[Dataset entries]
=== Begin Enclosure ===

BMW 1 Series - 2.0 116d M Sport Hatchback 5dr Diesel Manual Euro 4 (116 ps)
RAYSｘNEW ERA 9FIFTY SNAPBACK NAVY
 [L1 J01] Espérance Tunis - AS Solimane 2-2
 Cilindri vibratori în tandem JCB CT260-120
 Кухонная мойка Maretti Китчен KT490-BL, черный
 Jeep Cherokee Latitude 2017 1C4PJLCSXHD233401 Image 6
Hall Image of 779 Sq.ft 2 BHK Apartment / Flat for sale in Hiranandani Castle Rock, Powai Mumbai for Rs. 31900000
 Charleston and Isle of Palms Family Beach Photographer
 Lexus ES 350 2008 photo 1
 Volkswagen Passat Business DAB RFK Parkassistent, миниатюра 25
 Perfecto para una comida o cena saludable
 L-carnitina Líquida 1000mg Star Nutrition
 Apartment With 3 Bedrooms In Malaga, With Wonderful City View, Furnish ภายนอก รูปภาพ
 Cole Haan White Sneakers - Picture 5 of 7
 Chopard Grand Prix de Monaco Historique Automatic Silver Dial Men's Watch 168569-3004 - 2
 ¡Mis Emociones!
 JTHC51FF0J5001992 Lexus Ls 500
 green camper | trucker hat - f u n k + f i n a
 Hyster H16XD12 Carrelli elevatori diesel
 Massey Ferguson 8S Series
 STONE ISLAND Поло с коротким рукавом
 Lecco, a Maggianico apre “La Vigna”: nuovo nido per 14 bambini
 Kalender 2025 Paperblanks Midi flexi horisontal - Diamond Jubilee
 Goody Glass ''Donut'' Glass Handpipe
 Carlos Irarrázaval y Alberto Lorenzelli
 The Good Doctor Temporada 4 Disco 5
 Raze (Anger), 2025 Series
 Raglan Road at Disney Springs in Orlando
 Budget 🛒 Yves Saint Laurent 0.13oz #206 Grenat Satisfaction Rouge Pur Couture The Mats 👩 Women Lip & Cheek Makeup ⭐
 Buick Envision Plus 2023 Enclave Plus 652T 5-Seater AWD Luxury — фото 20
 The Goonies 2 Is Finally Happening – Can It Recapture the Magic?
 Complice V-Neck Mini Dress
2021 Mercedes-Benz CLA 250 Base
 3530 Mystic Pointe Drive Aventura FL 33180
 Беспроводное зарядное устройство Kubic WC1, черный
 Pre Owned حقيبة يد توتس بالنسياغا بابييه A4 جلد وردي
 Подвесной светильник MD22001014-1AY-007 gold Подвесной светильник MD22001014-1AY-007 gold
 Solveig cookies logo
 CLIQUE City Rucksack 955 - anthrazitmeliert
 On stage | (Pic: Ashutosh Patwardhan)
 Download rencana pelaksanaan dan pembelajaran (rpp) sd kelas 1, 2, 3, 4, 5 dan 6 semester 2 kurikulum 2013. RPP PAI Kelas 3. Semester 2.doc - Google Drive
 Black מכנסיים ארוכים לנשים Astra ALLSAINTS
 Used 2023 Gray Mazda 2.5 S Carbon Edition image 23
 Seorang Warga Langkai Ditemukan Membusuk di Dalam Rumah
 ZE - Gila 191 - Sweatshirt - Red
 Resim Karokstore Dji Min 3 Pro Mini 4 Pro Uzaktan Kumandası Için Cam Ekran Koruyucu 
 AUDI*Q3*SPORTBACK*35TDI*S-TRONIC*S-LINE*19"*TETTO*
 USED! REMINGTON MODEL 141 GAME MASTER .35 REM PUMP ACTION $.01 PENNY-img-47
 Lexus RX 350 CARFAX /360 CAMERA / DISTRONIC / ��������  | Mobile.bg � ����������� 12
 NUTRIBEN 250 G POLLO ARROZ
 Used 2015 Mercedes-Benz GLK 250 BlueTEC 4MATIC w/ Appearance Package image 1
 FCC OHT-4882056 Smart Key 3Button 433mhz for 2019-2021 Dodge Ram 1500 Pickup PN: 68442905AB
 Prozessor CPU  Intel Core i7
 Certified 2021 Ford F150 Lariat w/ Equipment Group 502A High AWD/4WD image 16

=== End Enclosure ===

» WHAT NEEDS TO BE DONE
Set down only the lines above that fall between the line holding "Cole Haan White Sneakers - Picture 5 of 7" and the line holding "2021 Mercedes-Benz CLA 250 Base", inclusive, keeping each exact.

» ANSWER AREA
 Cole Haan White Sneakers - Picture 5 of 7
 Chopard Grand Prix de Monaco Historique Automatic Silver Dial Men's Watch 168569-3004 - 2
 ¡Mis Emociones!
 JTHC51FF0J5001992 Lexus Ls 500
 green camper | trucker hat - f u n k + f i n a
 Hyster H16XD12 Carrelli elevatori diesel
 Massey Ferguson 8S Series
 STONE ISLAND Поло с коротким рукавом
 Lecco, a Maggianico apre “La Vigna”: nuovo nido per 14 bambini
 Kalender 2025 Paperblanks Midi flexi horisontal - Diamond Jubilee
 Goody Glass ''Donut'' Glass Handpipe
 Carlos Irarrázaval y Alberto Lorenzelli
 The Good Doctor Temporada 4 Disco 5
 Raze (Anger), 2025 Series
 Raglan Road at Disney Springs in Orlando
 Budget 🛒 Yves Saint Laurent 0.13oz #206 Grenat Satisfaction Rouge Pur Couture The Mats 👩 Women Lip & Cheek Makeup ⭐
 Buick Envision Plus 2023 Enclave Plus 652T 5-Seater AWD Luxury — фото 20
 The Goonies 2 Is Finally Happening – Can It Recapture the Magic?
 Complice V-Neck Mini Dress
2021 Mercedes-Benz CLA 250 Base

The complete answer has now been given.